Carlos Rodríguez Braun analiza los continuos y recurrentes avisos de alarma políticamente correctos que se realizan utilizando la economía, cayendo continuamente en un problema de simplificación y tópicos, como el llevado a cabo en este caso por Santos Juliá.
Artículo de su blog personal:
La corrección política gusta de dar avisos de alarma utilizando la economía. El problema estriba en las simplificaciones que tan a menudo se cometen con dicha utilización. Un aviso clásico trata de enlazar las perturbaciones económicas con catástrofes políticas. En los últimos tiempos se ha hablado con frecuencia de la crisis económica como generadora o propiciadora del crecimiento de alternativas políticas radicales de izquierdas y de derechas, que amenazan la democracia y la paz.
El premio Nobel Robert Shiller animó a los gobiernos a gastar más, aduciendo que la desesperación y el descontento de los años 1930 dieron lugar al auge de Hitler y Mussolini.
Para superar el pesimismo, Shiller avisa sobre la necesidad de una política de mayor gasto para reanimar no sólo la economía sino también la sociedad, y realiza afirmaciones empíricas convencionales pero más que dudosas, como esta clásica: “la recuperación sólo llegó con el enorme estímulo económico de la Segunda Guerra Mundial”. Las cifras no avalan el diagnóstico, porque las economías experimentaron un gran gasto durante la Guerra y antes también, con las políticas expansivas emprendidas en varios países, y sin embargo la recuperación no alcanzó un fuerte dinamismo hasta que la guerra terminó.

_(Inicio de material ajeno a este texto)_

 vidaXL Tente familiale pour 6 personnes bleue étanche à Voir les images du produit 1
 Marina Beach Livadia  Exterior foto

Con la vista puesta en España, el profesor Santos Juliá, como el premio Nobel de Economía que acabamos de mencionar, también está apesadumbrado y rodeado de tópicos. A su juicio, el problema de España es “la trama perversa de poder y dinero, de política y mercado”, que animó la corrupción y “acabó por inundarlo todo con la llegada de los neoliberales al poder. Los cantos a la eficiencia de los mercados y la irresponsable convicción de que el crecimiento del capital, liberado de regulaciones estatales, sería perpetuo, se sumaron al desprecio de todo lo público en una desbocada carrera hacia la privatización de los bienes comunes”.

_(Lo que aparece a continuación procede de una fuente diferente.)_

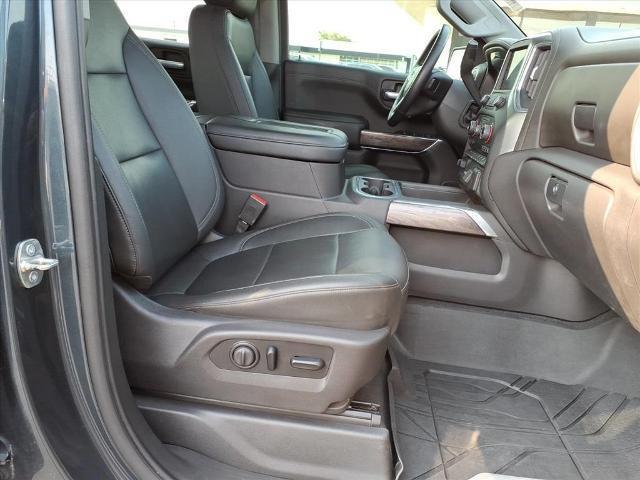 used 2021 Chevrolet Silverado 1500 car, priced at $36,995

Es una bonita síntesis del pensamiento único: contundente en su expresión y carente de rigor empírico, porque transmite la idea de la desaparición del Estado en tanto que regulador y gastador. La realidad ha sido justo la contraria. La definición de “neoliberales” es bastante elástica, porque a partir de los años 1980 fueron calificados con esa etiqueta prácticamente todos, desde Reagan y Thatcher hasta Menem o Felipe González, pasando por Aznar o Zapatero. Con sus obvias diferencias, el resultado práctico y medible de sus políticas “neoliberales” fue el opuesto a lo que el liberalismo propugna, porque subieron los impuestos, el gasto público y la deuda pública, mientras aumentaron los controles, las regulaciones, las prohibiciones, las multas, etc.
Así, la corrección política insiste en avisos ficticios, como hizo antes demonizando el capitalismo “salvaje” decimonónico, o afirmando, también sin base alguna, que las clases medias crearon el Estado de bienestar, que les fue, como tantas otras cosas, impuesto.